A velha ideia de que os desencarnados dormem narcotizados de prazer barato, entre sonhos de incenso contemplativo, perde-se completamente para o Espírito de boa vontade que atravessa as fronteiras do sepulcro.

Se há juízes e administradores na Terra que alvejam os cabelos e se cobrem de rugas, na atividade difícil em favor do bem e da paz dos semelhantes; se há homens e mulheres que já experimentam no mundo a coragem serena de abandonar as flores do sangue, colocando-se ao encontro da Humanidade, através dos espinhos do sacrifício e da renúncia, como aceitar um Céu, onde os escolhidos sorriem e gozam, ante o infortúnio alheio? Como entender um éden delicioso em que ninguém cogite de melhorar o purgatório infernal, se um simples político se preocupa em drenar o pântano que lhe prejudica a cidade?



O que eu via, no parque ditoso, não era somente a expressão encantadora e pacífica da Natureza.

O interesse nos serviços do progresso geral mostrava-se inequívoco em todos os rostos.

A instituição a que minha filha presta concurso ativo impressionou-me pela grandeza. Trata-se de uma universidade que ultrapassa em programa e organização qualquer dos 1nstitutos europeus ou americanos destinados à formação e ao burilamento do caráter infanto-juvenil.

Os edifícios centrais congregam-se inteligentemente sob velhas árvores, rodeadas de fontes translúcidas.

As crianças não encontrariam paraíso mais doce. Alguns irmãos e numerosas irmãs as orientam e educam com singular devotamento, preparando-as para a reencarnação na Crosta Planetária.

Penetrei o instituto em companhia de Marta e do amigo Andrade, quando centenas de meninos brincavam felizes, em bando, nos extensos jardins.

Grande parte correu ao nosso encontro. Abraçaram minha filha efusivamente e alguns me beijaram as mãos, chamando-me vovô.

Aquelas manifestações de alegria pura fizeram-me infinito bem.

Diversos pequeninos traziam consigo formosos halos brilhantes.

Marta explicou-me que a instituição asila irmãozinhos desencarnados, entre sete a doze anos de idade e, porque eu indagasse pelas crianças tenras, esclareceu Andrade que para essas, quando se não trata de entidades excepcionalmente evoluídas, inacessíveis ao choque biológico da reencarnação, há lugares adequados onde o tempo e o repouso lhes favorecem o despertar, a fim de que lhes não sobrevenham abalos nocivos.
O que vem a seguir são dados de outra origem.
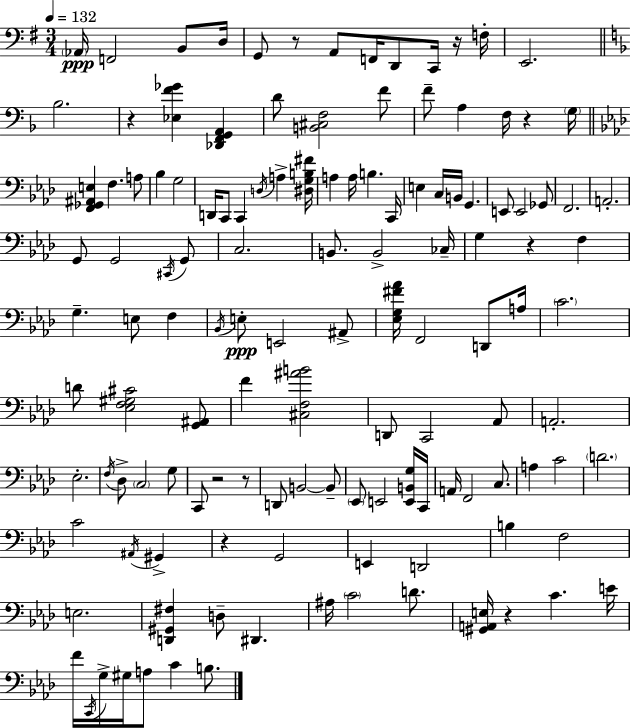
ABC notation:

X:1
T:Untitled
M:3/4
L:1/4
K:G
_A,,/4 F,,2 B,,/2 D,/4 G,,/2 z/2 A,,/2 F,,/4 D,,/2 C,,/4 z/4 F,/4 E,,2 _B,2 z [_E,F_G] [_D,,F,,G,,A,,] D/2 [B,,^C,F,]2 F/2 F/2 A, F,/4 z G,/4 [F,,_G,,^A,,E,] F, A,/2 _B, G,2 D,,/4 C,,/2 C,, D,/4 A, [^D,G,B,^F]/4 A, A,/4 B, C,,/4 E, C,/4 B,,/4 G,, E,,/2 E,,2 _G,,/2 F,,2 A,,2 G,,/2 G,,2 ^C,,/4 G,,/2 C,2 B,,/2 B,,2 _C,/4 G, z F, G, E,/2 F, _B,,/4 E,/2 E,,2 ^A,,/2 [_E,G,^F_A]/4 F,,2 D,,/2 A,/4 C2 D/2 [_E,F,^G,^C]2 [G,,^A,,]/2 F [^C,F,^AB]2 D,,/2 C,,2 _A,,/2 A,,2 _E,2 F,/4 _D,/2 C,2 G,/2 C,,/2 z2 z/2 D,,/2 B,,2 B,,/2 _E,,/2 E,,2 [E,,B,,G,]/4 C,,/4 A,,/4 F,,2 C,/2 A, C2 D2 C2 ^A,,/4 ^G,, z G,,2 E,, D,,2 B, F,2 E,2 [D,,^G,,^F,] D,/2 ^D,, ^A,/4 C2 D/2 [^G,,A,,E,]/4 z C E/4 F/4 C,,/4 G,/4 ^G,/4 A,/2 C B,/2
Informou-me a filha de que as criancinhas, não obstante viverem ali em comunidade, dividem-se no esforço educativo por turmas afins. Caracterizam-se os grupos por variados graus de elevação espiritual e as classes se subdividem pelas aptidões e tendências, examinados os precedentes de cada uma. Quando perguntei se na vida espiritual pode a criança desenvolver-se e optar pelo mau caminho, replicou Andrade que isso é perfeitamente cabível, considerando-se que, com o desenvolvimento na nova Esfera, a alma recapitula as emoções do passado, com apelos íntimos de variadas espécies, acrescentando, todavia, que, de modo geral, as crianças estacionadas nos parques de reajustamento sempre se encaminham à reencarnação. Se o Espírito de ordem sublimada se desenfaixa dos laços da carne, quite com a lei que nos governa o destino, em período infantil, readquire de pronto as mais altas expressões da própria individualidade e ergue-se a mais elevados Planos.

Marta me apresentou lindos grupos, inclusive algumas dezenas de pequenos indígenas libertos do corpo, em fase primária de cultura e inteligência.
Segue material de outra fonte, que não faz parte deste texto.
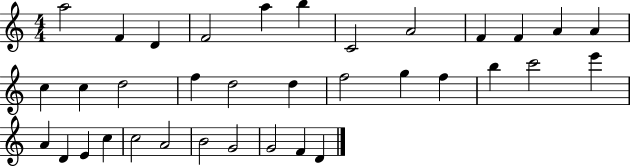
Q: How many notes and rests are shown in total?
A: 35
Experimentei, porém, a maior surpresa quando me deu a conhecer a assembleia dos meninos-orientadores. São meninos e meninas de passado mais respeitável e por isso mesmo mais acessíveis aos ensinamentos edificantes da instituição. Demoram-se no parque, às vezes muito tempo, aguardando circunstâncias favoráveis à execução dos projetos de ordem superior e, enquanto permanecem aí, desempenham valiosas missões junto a crianças e adultos, entre as duas Esferas, além das tarefas usuais de que se incumbem na própria organização em que se mantêm estacionados. Constituem, assim, vasta coletividade de escoteiros do heroísmo espiritual, junto dos quais encontramos inapreciável estímulo e santo exemplo.



Edificado com o que observara, seguimos na direção do casario central da cidade que me hospedava.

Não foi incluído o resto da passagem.